# Problem description
Could you restate the data word for word and drop the pictures?

# Data excerpt
╔══

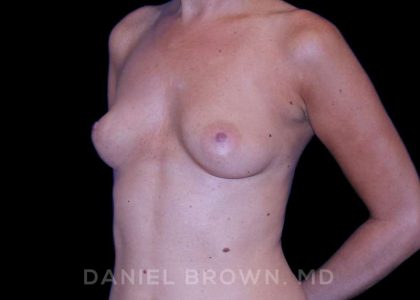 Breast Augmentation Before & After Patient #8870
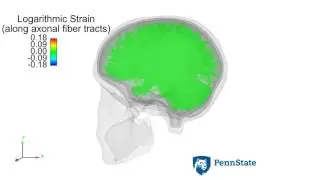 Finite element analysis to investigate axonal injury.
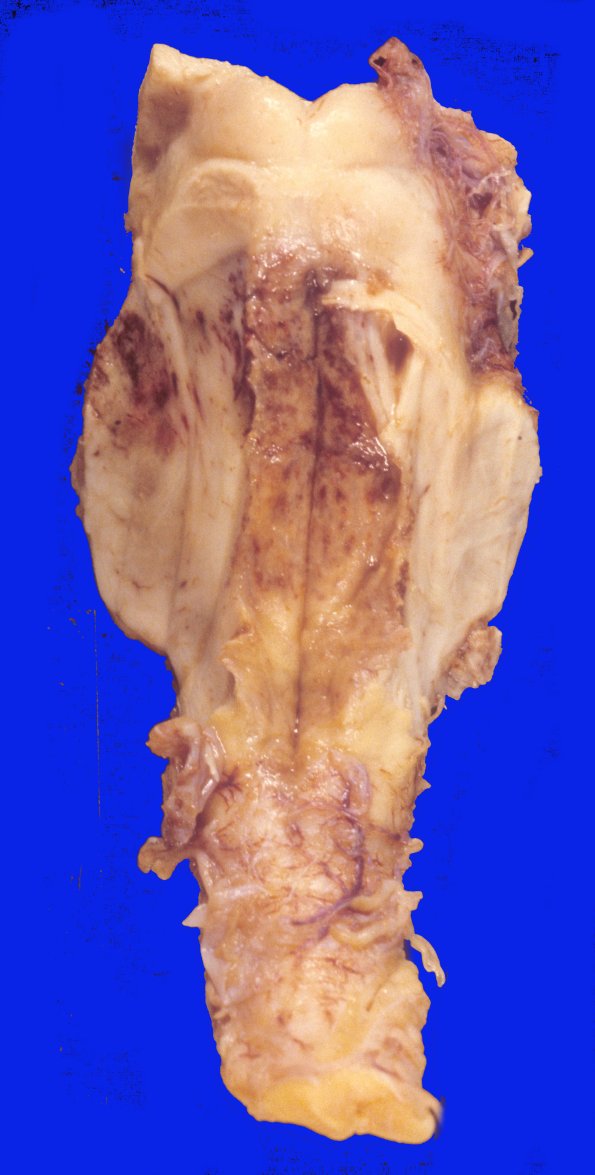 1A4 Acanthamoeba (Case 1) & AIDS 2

╚══

# Written solution
 Breast Augmentation Before & After Patient #8870
 Finite element analysis to investigate axonal injury.
 1A4 Acanthamoeba (Case 1) & AIDS 2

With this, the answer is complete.